======== SOURCE MATERIAL

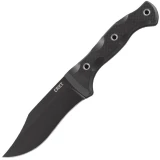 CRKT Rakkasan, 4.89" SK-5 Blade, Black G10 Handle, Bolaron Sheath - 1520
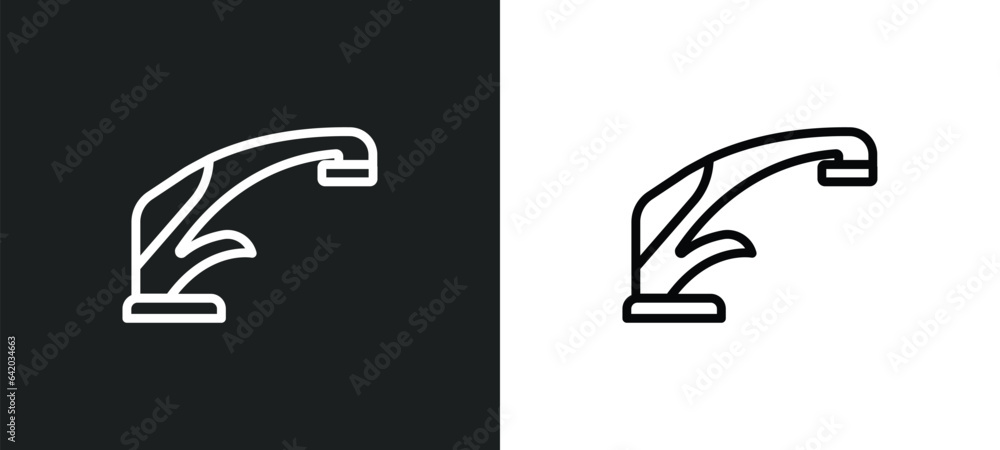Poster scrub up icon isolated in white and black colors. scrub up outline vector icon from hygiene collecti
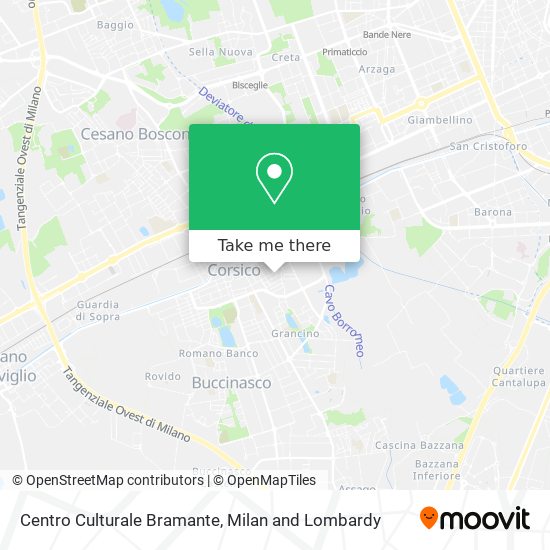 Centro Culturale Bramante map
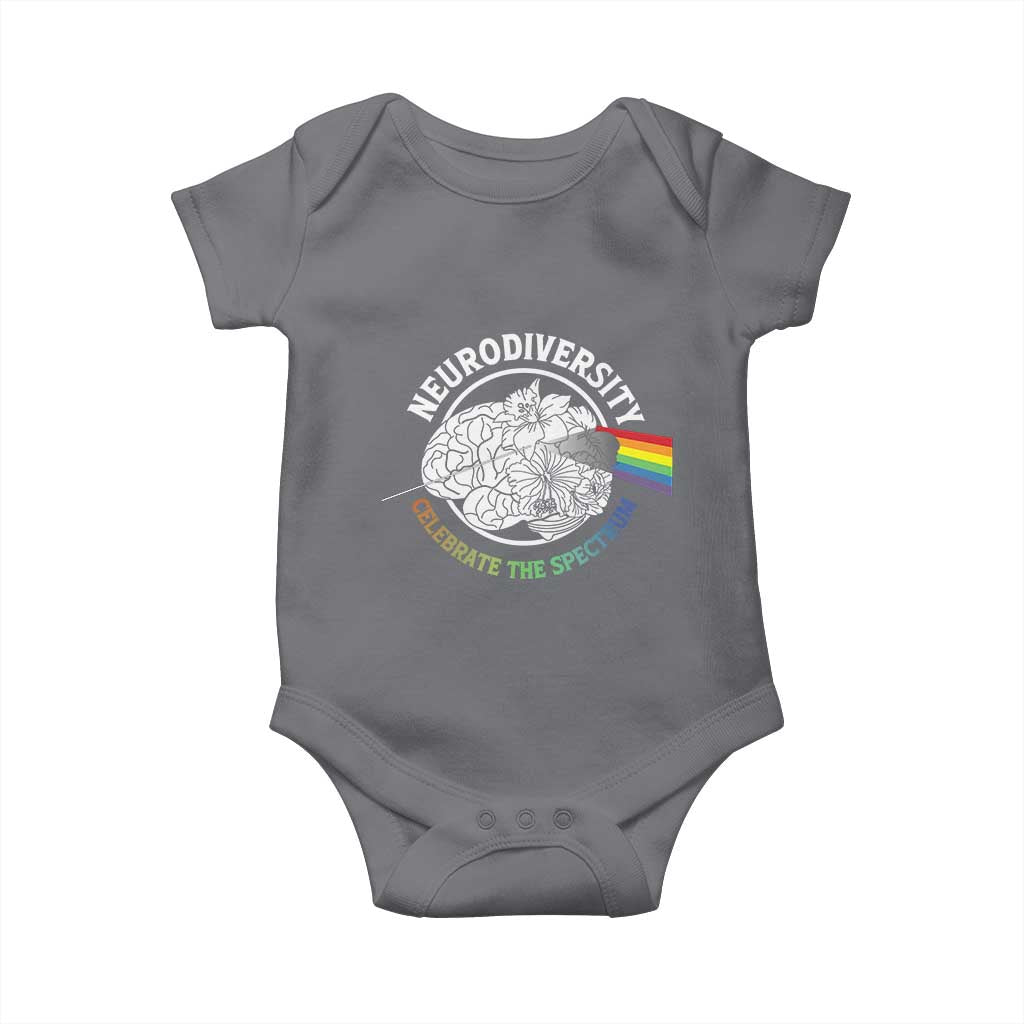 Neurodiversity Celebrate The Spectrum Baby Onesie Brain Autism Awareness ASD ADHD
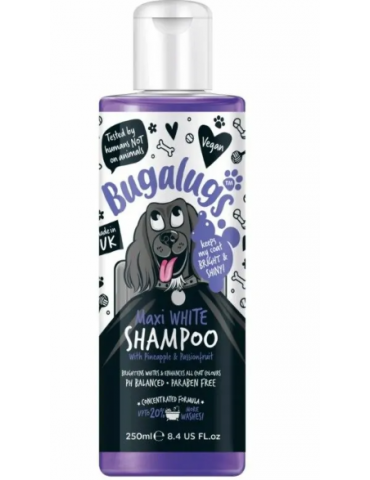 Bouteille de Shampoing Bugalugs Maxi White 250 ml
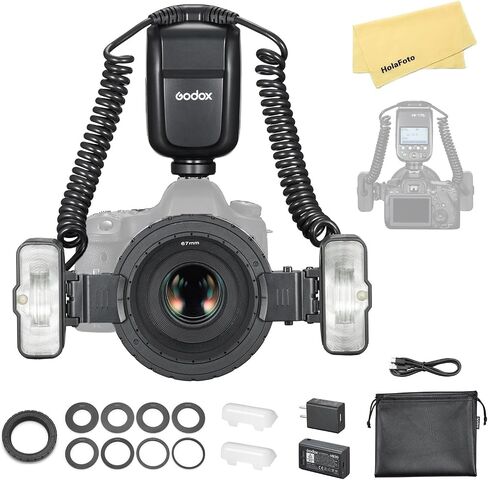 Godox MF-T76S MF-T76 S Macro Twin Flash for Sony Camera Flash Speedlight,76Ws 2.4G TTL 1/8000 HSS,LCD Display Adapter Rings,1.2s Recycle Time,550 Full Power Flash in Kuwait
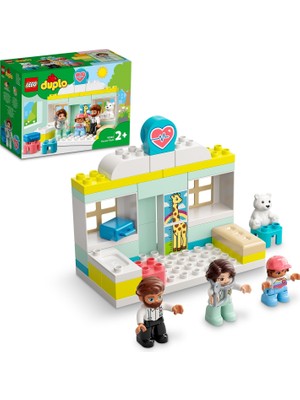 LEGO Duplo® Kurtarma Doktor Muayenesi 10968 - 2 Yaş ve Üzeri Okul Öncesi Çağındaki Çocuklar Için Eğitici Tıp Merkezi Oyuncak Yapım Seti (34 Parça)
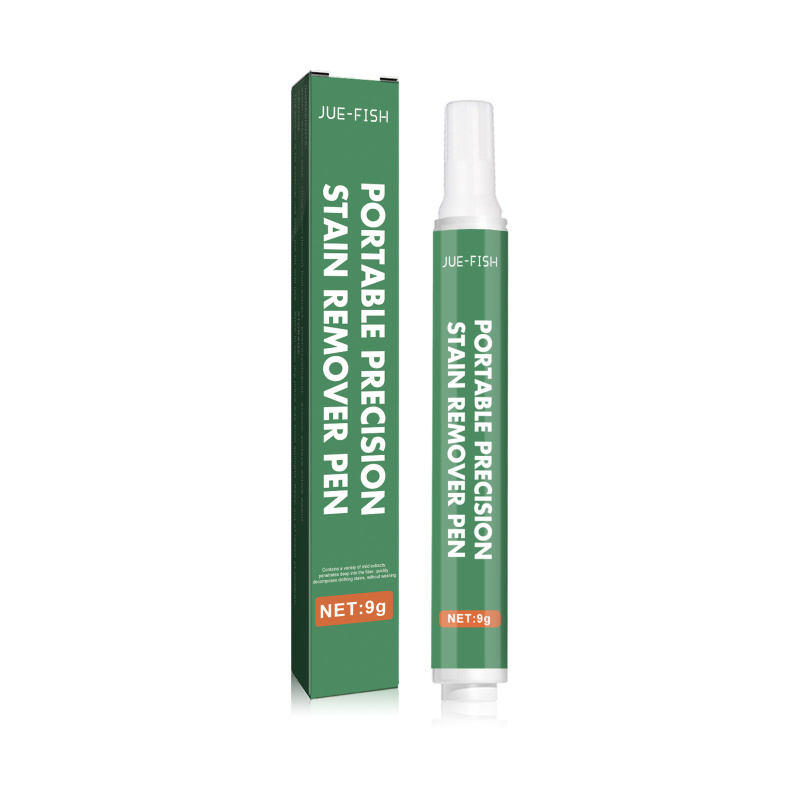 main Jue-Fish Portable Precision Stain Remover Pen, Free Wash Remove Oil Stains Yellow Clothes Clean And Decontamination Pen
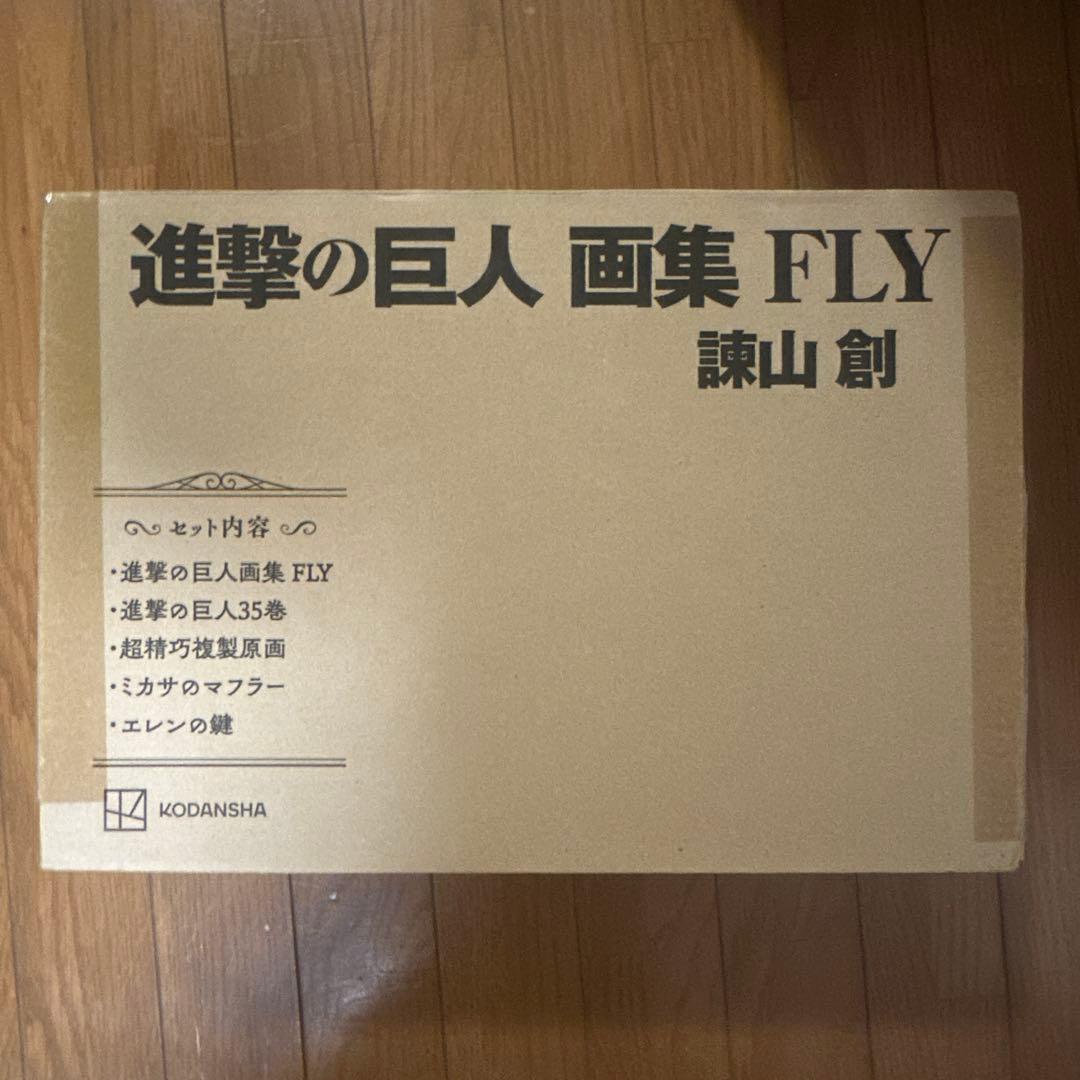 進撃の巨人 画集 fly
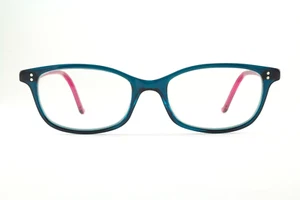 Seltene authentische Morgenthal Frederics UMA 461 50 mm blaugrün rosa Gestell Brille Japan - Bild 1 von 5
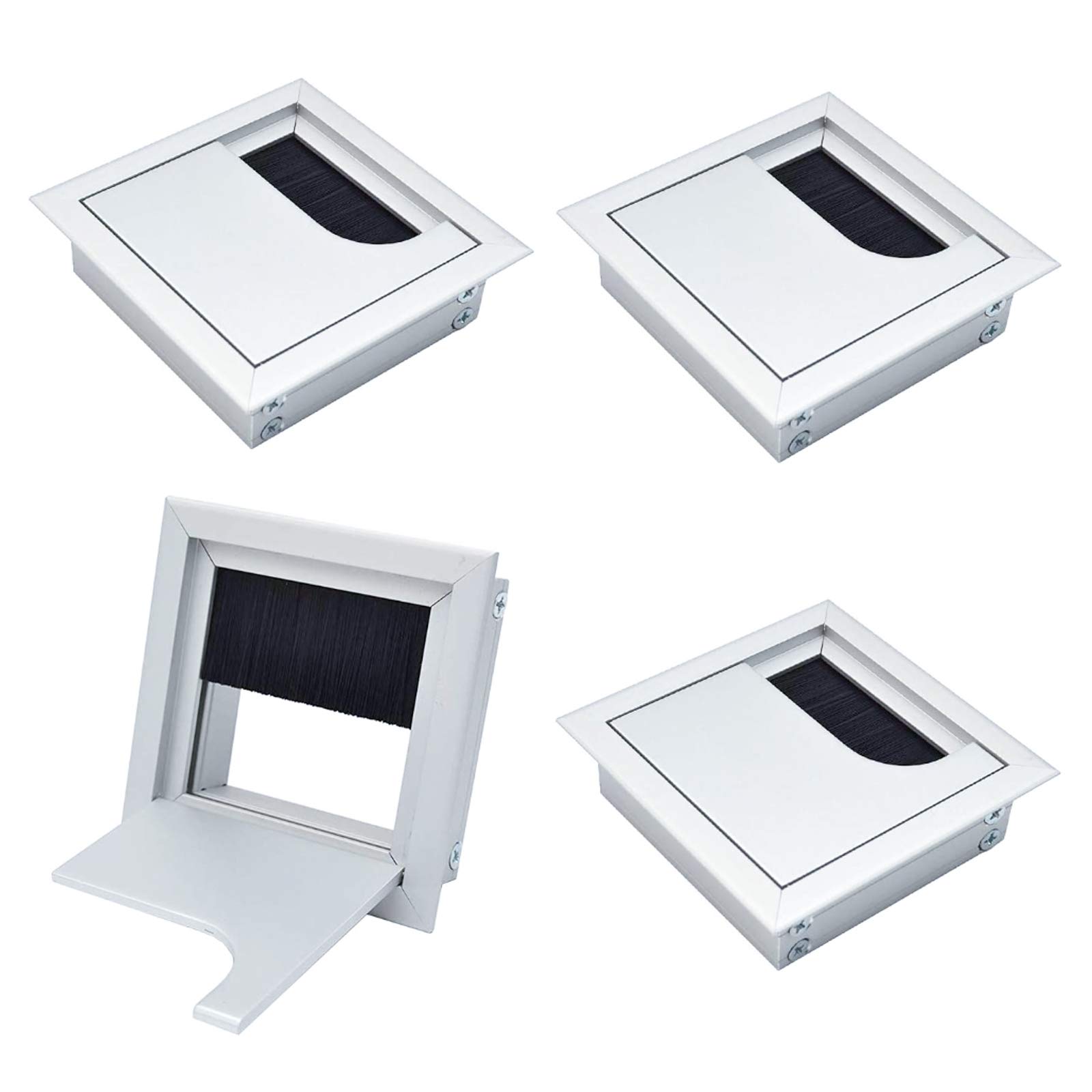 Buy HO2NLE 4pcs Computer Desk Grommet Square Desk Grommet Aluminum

================

▶ WHAT YOU HAVE TO DO: Retype the whole listing. Keep every word exact but include no pictures.

▶ RESPONSE BOX:
 CRKT Rakkasan, 4.89" SK-5 Blade, Black G10 Handle, Bolaron Sheath - 1520
Poster scrub up icon isolated in white and black colors. scrub up outline vector icon from hygiene collecti
 Centro Culturale Bramante map
 Neurodiversity Celebrate The Spectrum Baby Onesie Brain Autism Awareness ASD ADHD
 Bouteille de Shampoing Bugalugs Maxi White 250 ml
 Godox MF-T76S MF-T76 S Macro Twin Flash for Sony Camera Flash Speedlight,76Ws 2.4G TTL 1/8000 HSS,LCD Display Adapter Rings,1.2s Recycle Time,550 Full Power Flash in Kuwait
 LEGO Duplo® Kurtarma Doktor Muayenesi 10968 - 2 Yaş ve Üzeri Okul Öncesi Çağındaki Çocuklar Için Eğitici Tıp Merkezi Oyuncak Yapım Seti (34 Parça)
 main Jue-Fish Portable Precision Stain Remover Pen, Free Wash Remove Oil Stains Yellow Clothes Clean And Decontamination Pen
 進撃の巨人 画集 fly
 Seltene authentische Morgenthal Frederics UMA 461 50 mm blaugrün rosa Gestell Brille Japan - Bild 1 von 5
 Buy HO2NLE 4pcs Computer Desk Grommet Square Desk Grommet Aluminum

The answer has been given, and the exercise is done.